Compte-tenu de l’effort consenti sur les autres sous-rubriques, les crédits consacrés au Mécanisme de protection civile de l’Union, qui vise à améliorer la prévention et la gestion des catastrophes naturelles ou technologiques, mais aussi les conflits, font l’objet d’un réajustement. C’est l’illustration des difficultés actuelles de financement de l’Union européenne : la gestion de la crise migratoire nécessite des redéploiements budgétaires. Mais les crédits qui s’en trouvent diminués sont ceux qui permettent de lutter efficacement sur le long terme, sur les causes profondes dont les migrations ne sont que les symptômes. En affichage, le budget de l’Union européenne répond bien au défi migratoire, mais il n’agit que sur ses effets immédiats sans se donner les moyens d’en régler les facteurs.

Visant à promouvoir la démocratie, la paix, la solidarité, la stabilité et la réduction de la pauvreté, l’action extérieure de l’Union européenne s’exerce principalement par l’instrument d’aide de préadhésion (IAP), l’instrument européen de voisinage (IEV) et l’instrument de financement de l’action extérieure. Ces trois instruments voient leur contribution au financement des actions extérieures augmenter de 74,4 %, pour atteindre plus de 7 milliards d’euros. Cette hausse est principalement tirée par celle des crédits alloués à l’instrument d’aide à la préadhésion pour répondre aux besoins liés à la mise en place de la facilité en faveur des réfugiés en Turquie.

Par ailleurs, avec 945,4 millions d’euros, l’aide humanitaire représente plus de 10 % des crédits de la rubrique 4. Le projet de budget pour 2017 indique que les besoins supplémentaires qui ne peuvent, par essence, être évalués à ce stade pourront être financés par la réserve d’aide d’urgence.

Enfin, l’instrument européen pour la démocratie et les droits de l’homme (IEDDH), dont l’importance est centrale dans la promotion des valeurs européennes, connaît une évolution relativement stable : les montants évalués s’établissent ainsi à 189 millions d’euros en engagements (soit une augmentation de 1,9 %) et à 168,4 millions d’euros en paiements (soit une diminution de 6,7 %).

L’instrument contribuant à la stabilité et à la paix, d’une part, et la politique étrangère et de sécurité commune (PESC), d’autre part, bénéficient, dans le projet de budget pour 2017, respectivement d’une allocation de 273,3 et de 333,9 millions d’euros, tandis que les crédits consacrés à l’instrument de partenariat demeurent relativement constants (+ 6,4 % en engagements) et s’établissent à 133,7 millions d’euros en engagements.

De manière générale, la plupart des instruments de la rubrique 4 continueront à apporter un soutien à la gestion des migrations et de la crise des réfugiés, en fournissant aux États membres accueillant des réfugiés une assistance directe ou en menant des actions visant à s’attaquer aux causes profondes des migrations dans les principales régions concernées.

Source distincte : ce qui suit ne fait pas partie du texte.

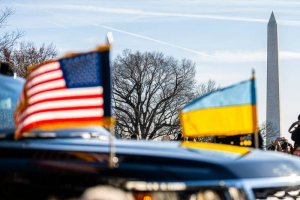 США обременили себя тремя конфликтами – на Украине, Израиле и Тайване, из которых нет безопасного выхода без потери лица. Белый дом пытается сконцентрироваться на Ближнем Востоке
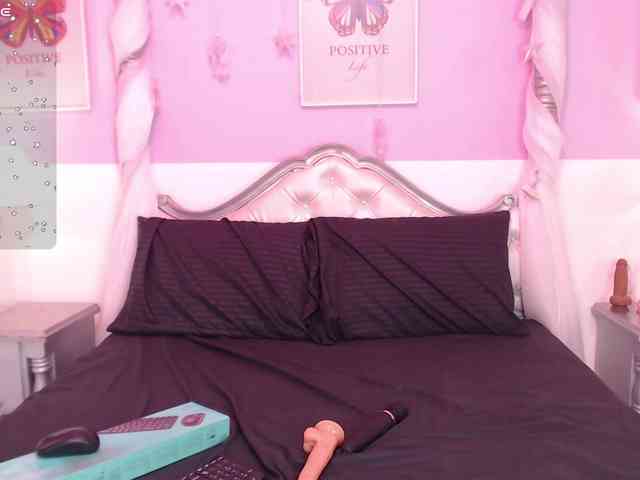 TaniaPierce webcam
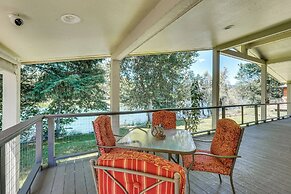 Waterfront Shady Cove Home w/ Fishing Deck!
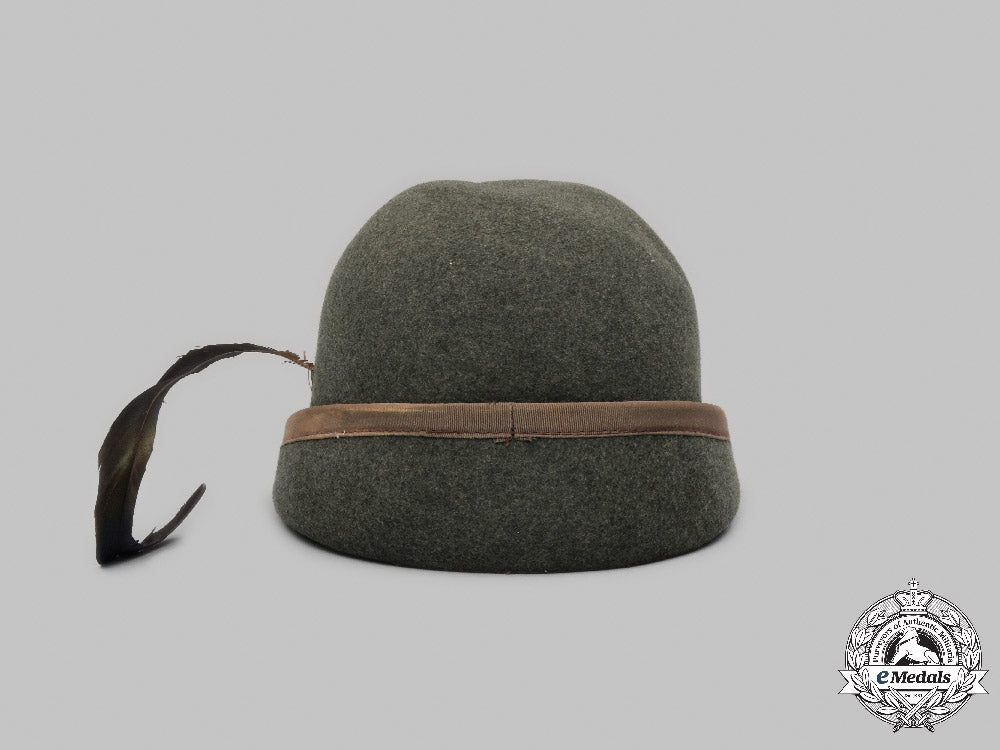 italy,_kingdom._a5_th_alpini_regiment_hat_c2021_506emd_5382_1_1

Certaines de ces mesures, mises en œuvre par l’Union européenne, sont le reflet des engagements pris lors de la Conférence de Londres en février 2016 pour venir en aide à la population syrienne en Syrie ainsi qu’aux réfugiés et aux communautés les accueillant dans les pays voisins.

Au total, le projet de budget pour 2017 propose de consacrer 525 millions d’euros pour l’assistance à la Syrie, à la Jordanie et au Liban, conformément aux engagements formulés par l’Union européenne dans ce sens.

Par ailleurs, 750 millions d’euros sont destinés à la facilité en faveur des réfugiés en Turquie en 2017.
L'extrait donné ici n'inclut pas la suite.